The conference welcomed an international group of alumni and professors from the University of Auckland, Aix-Marseille University, the University of Padua and the National and Kapodistrian University of Athens.

Other schools represented included the University of Chicago, St. John’s College, the University of Kentucky, Thomas Aquinas College, Hillsdale College, Grand Valley State University, Wyoming Catholic College, University of Mary Hardin-Baylor and the University of Dallas.

The topic of this year’s conference was “On Philosophy and Poetry.”

Discussion centered on the relationship between the two throughout the entire history of philosophy starting with the pre-modern period until present time.

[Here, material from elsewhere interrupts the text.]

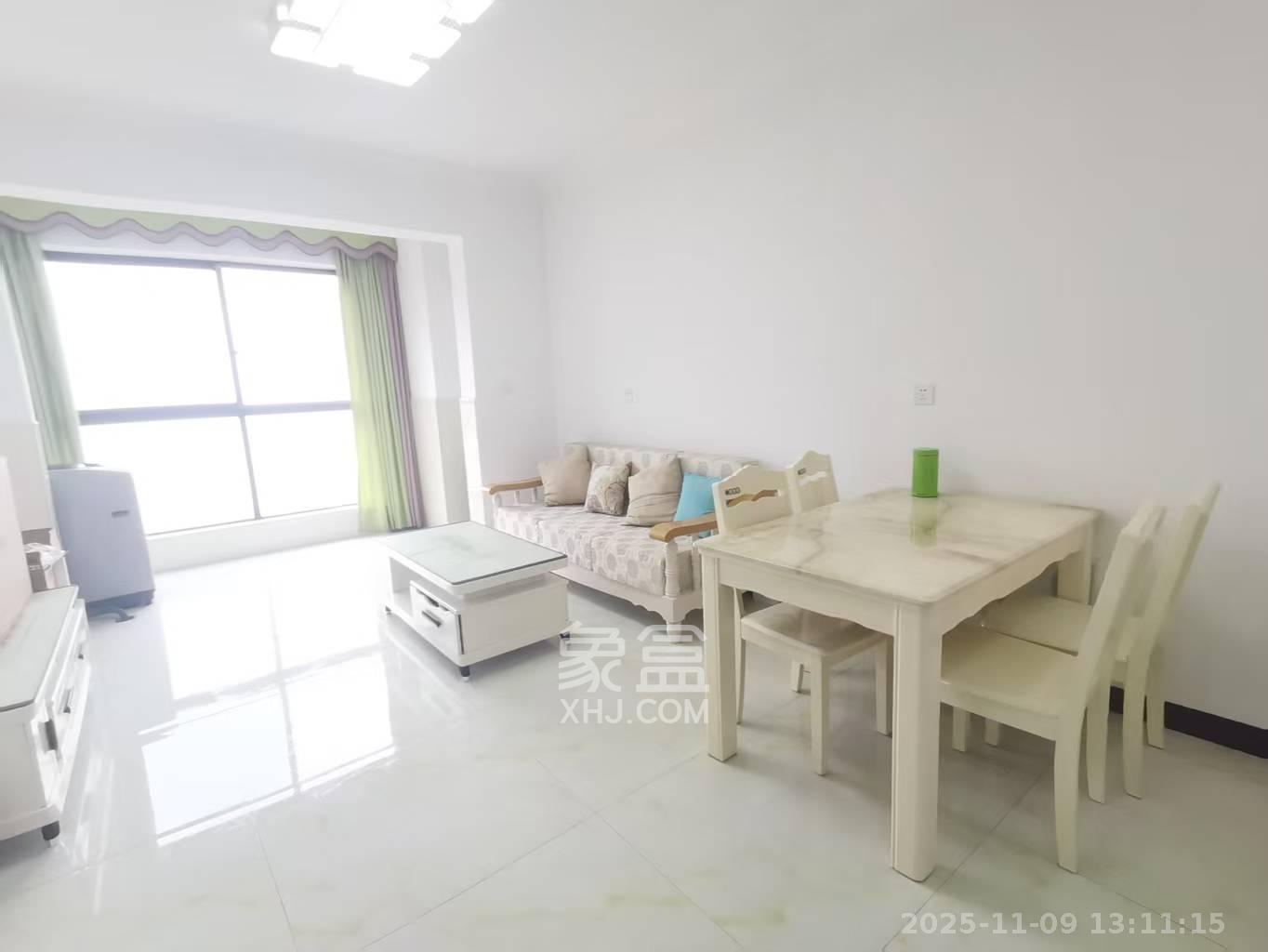 绿地海外滩一期 3室2厅1卫 1700.0元/月 绿地海外滩一期 3室2厅1卫 1700.0元/月室内图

Institute of Philosophic Studies (IPS) students presented responses to papers given by visiting scholars. They offered advice to authors before their papers were submitted for final review.

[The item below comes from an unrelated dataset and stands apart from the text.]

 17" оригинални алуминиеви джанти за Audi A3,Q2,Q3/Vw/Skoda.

Dr. Joshua Parens, dean of the Braniff Graduate School of Liberal Arts, asked the underlying rhetorical question that occupied much of the conference’s debate: “Is poetry a way of life, like the contemplative life, or simply a display?”

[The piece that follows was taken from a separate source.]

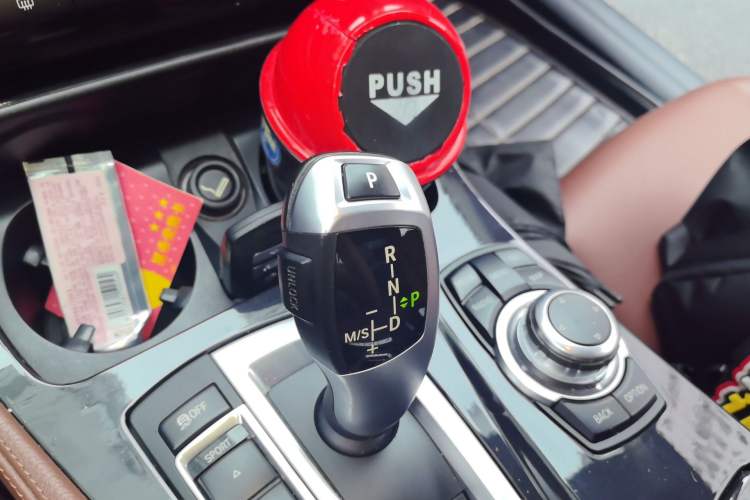 Used BMW 5 Series 2014 520Li Elegant Model Gear Lever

Michael Bolin, professor at the Wyoming Catholic College, described the relationship between philosophy and poetry as symbiotic, even co-dependent.

“Philosophers rely on poetic thought, while poetic thought is more quickly grasped through philosophic thought,” Bolin said. “Poetry extends our understanding beyond particulars, toward a new human particular. Poetry gives a new, perhaps better, insight into our human nature.”

The conference started with a poetry reading on Friday, Jan. 29 featuring University of Dallas English professor Dr. Andrew Osborn and the Oxford-educated poet laureate of Virginia, Ron Smith.

Smith is the author of several poetry books and is a recipient and current curator of the Carole Weinstein Poetry Prize. He was a runner-up for both the National Poetry Series Open Competition and the Samuel French Morse Prize. He is currently the writer-in-residence and the George O. Squires Chair of Distinguished Teaching at St. Christopher’s School in Richmond, Va.

In his concluding address, Smith discussed the relationship from both a philosophic perspective and a poetic perspective.

“Some would say philosophy makes things difficult to define, and those impatient with philosophy do say that,” Smith said. “Philosophy is hard because it is so precise, and some say poetry is hard, because it is so imprecise.”

Smith refuses to accept this view as valid. “I reject this view of poetry completely,” Smith said. “I am drawn to poetry that contains forms and precision, even if I do not know what it is being precise about.”

Smith believes that poetry and philosophy are different languages and should be judged by different standards.

“I’m drawn to analytic and linguistic philosophy whose aim is clarity. Poetry is not to be measured by clarity,” Smith said. “It is to be measured by power and memorability. If the philosophy I love delivers an adventure into truth and clarity, then the poetry I love delivers an adventure into language and language’s ability to reveal and compel.”

Poets, unlike philosophers, he said, must subconsciously stop rationalizing.

“Poets say to themselves, ‘Stop thinking and write,’ because the intellect and consciousness can get in the way of intuition and discovery.”

Smith stated that poetry is the first liberal art, appearing even before philosophy.

“You probably know people, like I do, that don’t like poetry and don’t read it, or perhaps even are afraid of poetry,” Smith said. “They see poetry as philosophy, you could say. It combines the complexity of thinking with linguistic tricks. [For them], it’s the worst of both worlds. This is odd because poetry is of the most primitive of literary forms. Poetry comes first in every language and every culture.”